What Ingersoll-Rand (NYSE:IR) Management Needs To Say
On Thursday, Ingersoll-Rand (IR), one of the most beaten down industrial stocks, reports. The stock has been a serial disappointer, but it does have untapped potential and could be a turnaround story. Michael Lamach took over as CEO 18 months ago, but there has been little progress in restructuring. Whether or not the stock is a buy on its decline will be largely determined by what management says on its conference call. Cramer outlined what investors need to hear from IR's management.
Management needs to own up to its mistakes and failure to implement changes so far, lower the bar so it can more easily beat its targets and make a commitment to carry out price cutting and restructuring. Management needs to give investors hope that there could be a turnaround in at least some of its divisions, and the CEO needs to predict the stock will rise from $30 to $34, its level when he took over 18 months ago.
Ingersoll-Rand has the potential to recover, but investors need to hear management say the right things before its stock is worth buying.
Piedmont Office Realty Trust (PDM) is one of the largest REITS and has a 7.6% dividend, which Cramer thinks is a red flag, since the company has indicated it is likely to cut the yield. Cramer recommends Enterprise Product Partners (EPD), which just boosted its dividend, instead of PDM.
Express Scripts (ESRX) has come down too much and is a buy.

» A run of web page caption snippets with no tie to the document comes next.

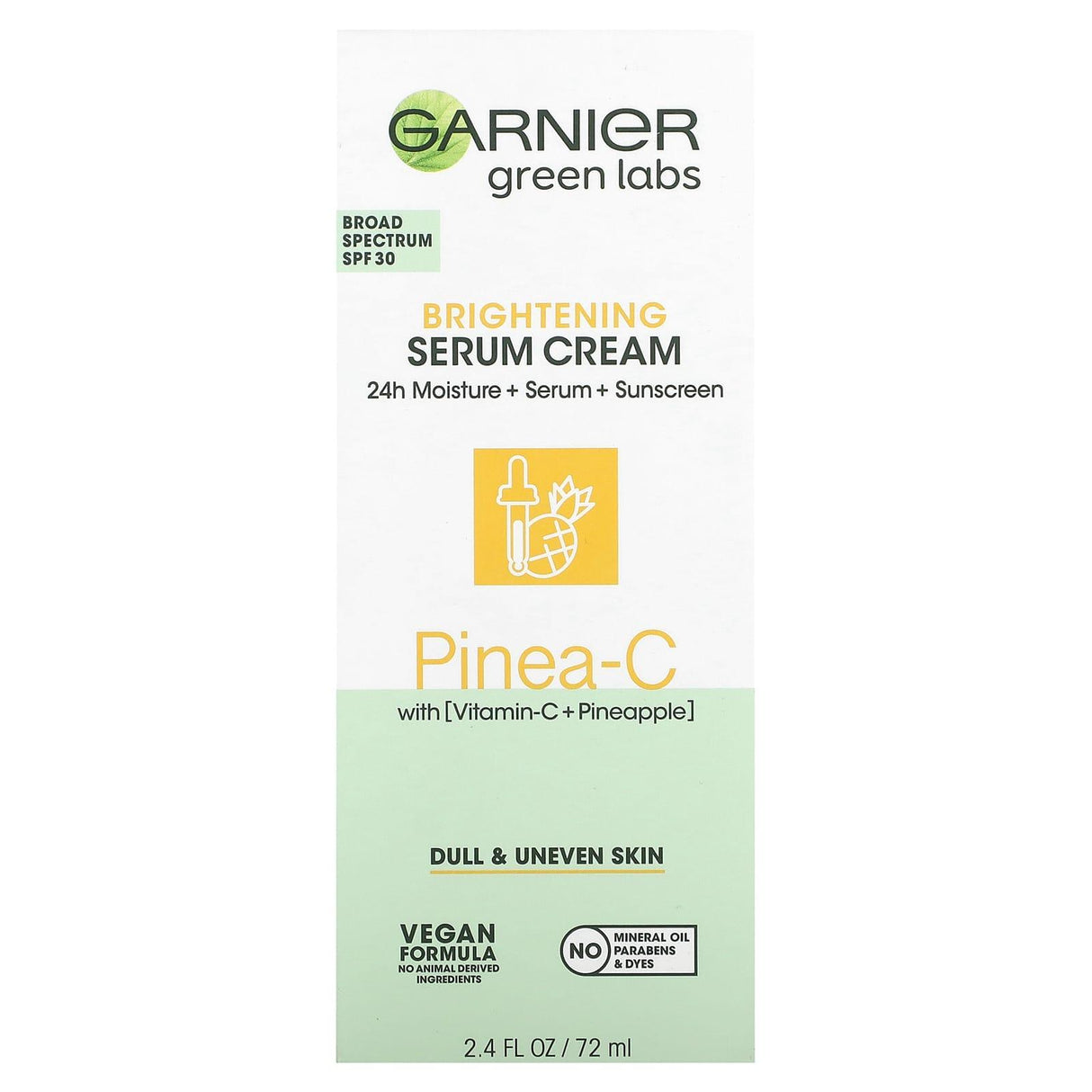 Garnier, Green Labs, Pinea-C Brightening Serum Cream, Broad Spectrum SPF 30, 2.4 fl oz (72 ml) - Supply Center USA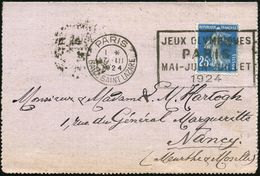 FRANKREICH 1924 (17.3.) MWSt: PARIS/GARE SAINT LAZARE/JEUX OLYMPIQUES/PARIS.. Klar Auf Kleinem Inl.-Kartenbf. - - Zomer 1924: Parijs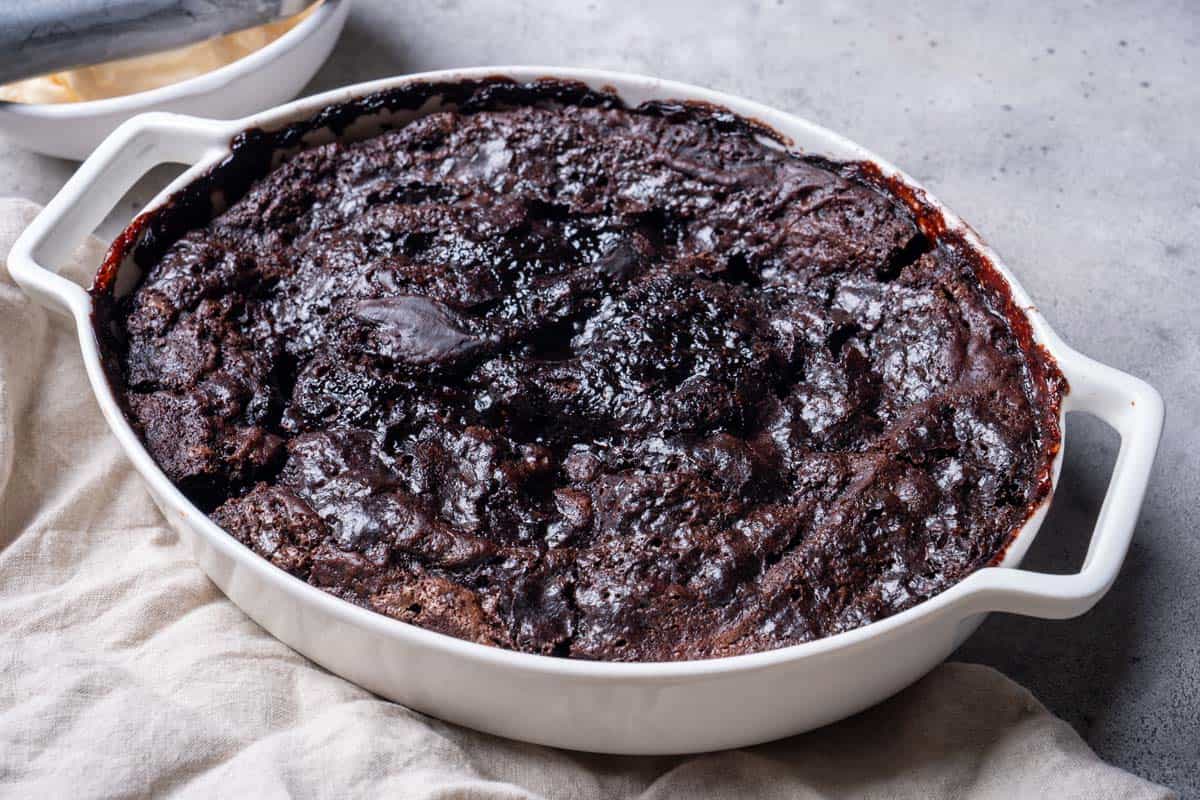 cooked hot fudge chocolate pudding cake close up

PPG Industries (PPG) is not a stock to be sold, because it has been hammered too much. Polypore (PPO) is good, but Cramer likes what Johnson Controls (JCI) said on its analyst day, and prefers it to PPO.
Occupy Wall Street?
Cramer says he could get behind the Occupy Wall Street crowd if they made more tangible complaints about the bad loans banks issued, the questionable behavior of rating agencies, corrupt practices and lack of oversight. However, at least as much blame can be laid at the feet of Congress for not enacting legislation to stop these practices. Why aren't citizens protesting Washington's ineffectiveness at creating jobs, for instance? Instead, the protest seems to have a simplistic "The Rich Are Bad" rallying cry instead of addressing specific issues. "I can't join them, but who can blame them?" Cramer said.